By using the results from this exercise and [2], [4] we can summarize the properties of the MLE estimators \hat{\mu}_{x}, \hat{\sigma}_{x}^{2} in the following table:
\begin{array}{lcc}
MLE  & \hat{\mu}_x  =  \frac{\sum_{i=0}^{N-1}\left(x^{\prime}[i]\right)}{N} &  \hat{\sigma}_{x}^{2}=\frac{1}{N}\sum_{i=0}^{N-1}\left(x^{\prime}[i]-\hat{\mu}_{x}\right)^{2} \\
\hline 
 mean & \mu_{x} & \frac{N-1}{N} \sigma^{2}_{x}  \\
\hline
variance &\frac{\sigma^{2}_{x}}{N} & \frac{2 \sigma_{x}^{4}(N-1)}{N^{2}}  \\
\hline
CR-bound &  \frac{\sigma^{2}_{x}}{N}  & \frac{2\sigma_{x}^{4}}{N}  \\
\hline
distribution & \sim N(\mu_{x},\sigma^{2}_{x}) &  \sim \chi^{2}_{N-1}
\end{array}

From the previous table it is evident that for large N the mean values of the estimators match the true mean values. The same is true for the variances that asymptotically tend to zero – the same limit the CR – bound attains for N \rightarrow \infty . The MLE estimator of the mean is Gaussianly distributed even for small N, while by the central limit theorem [5, p. 622] the MLE estimator of the variance \hat{\sigma}_{x}^{2} (N \rightarrow \infty ) is also asymptotically distributed Gaussianly. So the answer to the question if the parameters are asymptotically unbiased, efficient and Gaussianly distributed is yes. QED.
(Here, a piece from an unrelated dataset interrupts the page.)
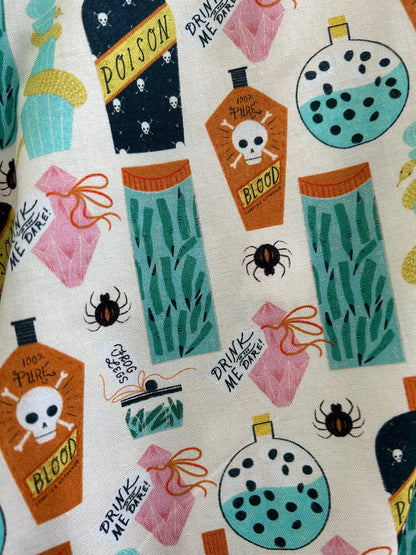 a close up of fabric showing the print of the different bottles of potions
[1] Steven M. Kay: “Modern Spectral Estimation – Theory and Applications”, Prentice Hall, ISBN: 0-13-598582-X.
[2] Chatzichrisafis: “Solution of exercise 3.4 from Kay’s Modern Spectral Estimation - Theory and Applications”.
[3] Chatzichrisafis: “Solution of exercise 3.5 from Kay’s Modern Spectral Estimation - Theory and Applications”.
[4] Chatzichrisafis: “Solution of exercise 3.6 from Kay’s Modern Spectral Estimation - Theory and Applications”.
[5] Granino A. Korn and Theresa M. Korn: “Mathematical Handbook for Scientists and Engineers”, Dover, ISBN: 978-0-486-41147-7.